* [Input for this task]
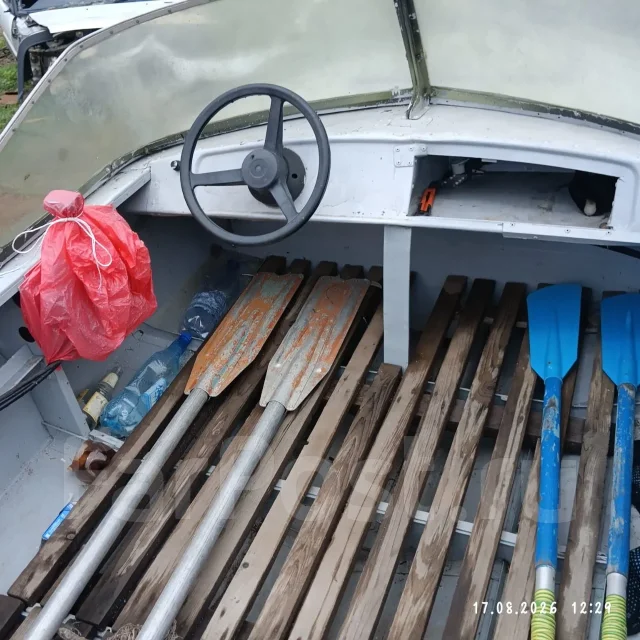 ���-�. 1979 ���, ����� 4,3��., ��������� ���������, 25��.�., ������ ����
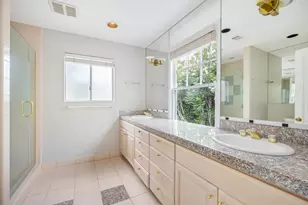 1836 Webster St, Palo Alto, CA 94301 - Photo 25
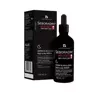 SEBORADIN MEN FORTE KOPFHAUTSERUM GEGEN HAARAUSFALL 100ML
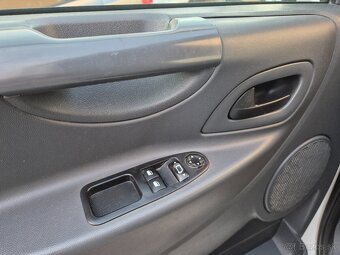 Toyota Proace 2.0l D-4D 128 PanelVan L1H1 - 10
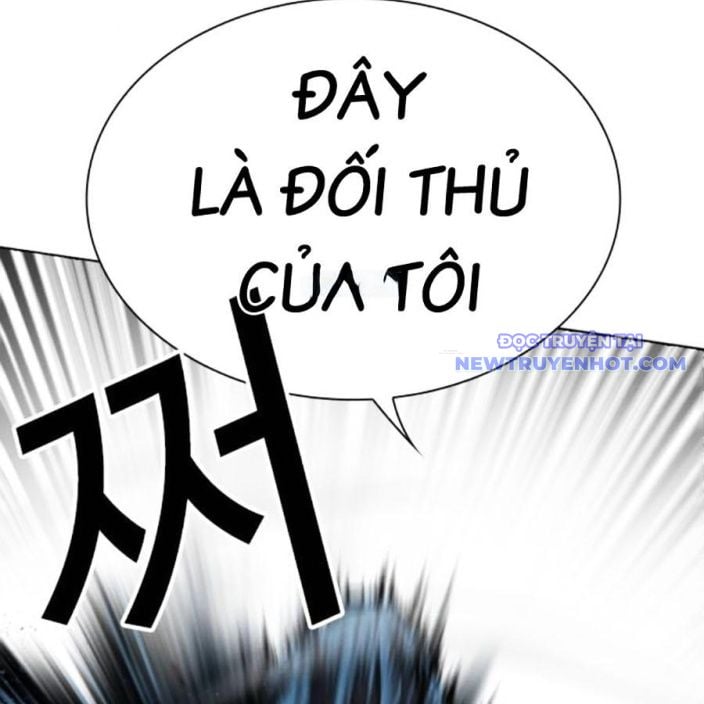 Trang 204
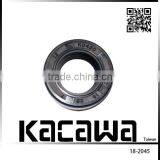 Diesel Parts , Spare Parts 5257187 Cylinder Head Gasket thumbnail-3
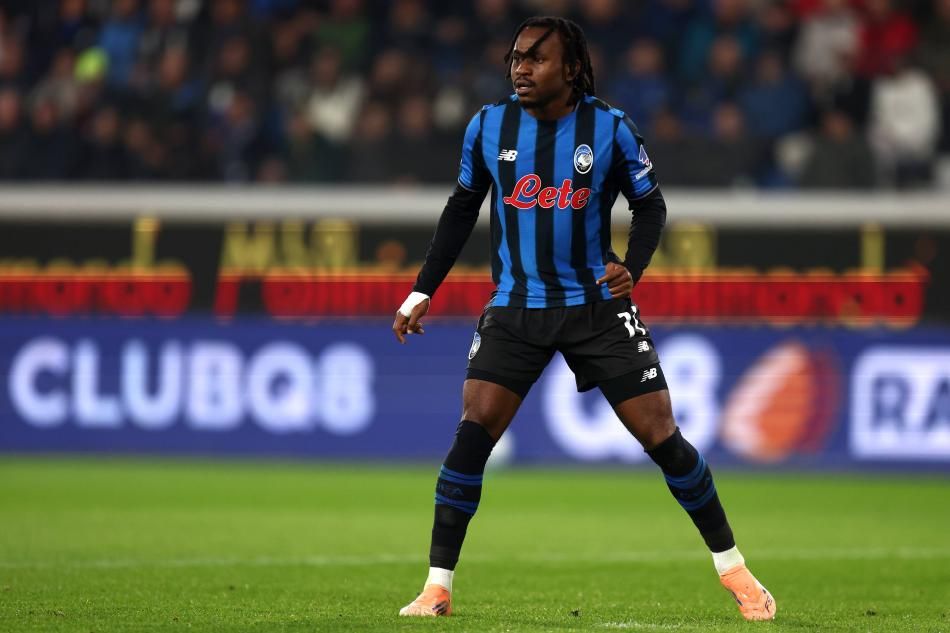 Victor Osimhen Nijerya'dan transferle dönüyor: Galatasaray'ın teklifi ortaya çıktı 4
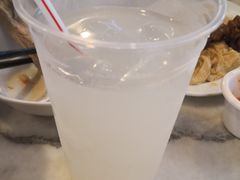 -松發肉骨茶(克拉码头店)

* [Exercise] What is needed is an exact copy of the records above, with no pictures in it.

* [Response area]
 ���-�. 1979 ���, ����� 4,3��., ��������� ���������, 25��.�., ������ ����
 1836 Webster St, Palo Alto, CA 94301 - Photo 25
 SEBORADIN MEN FORTE KOPFHAUTSERUM GEGEN HAARAUSFALL 100ML
 Toyota Proace 2.0l D-4D 128 PanelVan L1H1 - 10
 Trang 204
 Diesel Parts , Spare Parts 5257187 Cylinder Head Gasket thumbnail-3
 Victor Osimhen Nijerya'dan transferle dönüyor: Galatasaray'ın teklifi ortaya çıktı 4
 -松發肉骨茶(克拉码头店)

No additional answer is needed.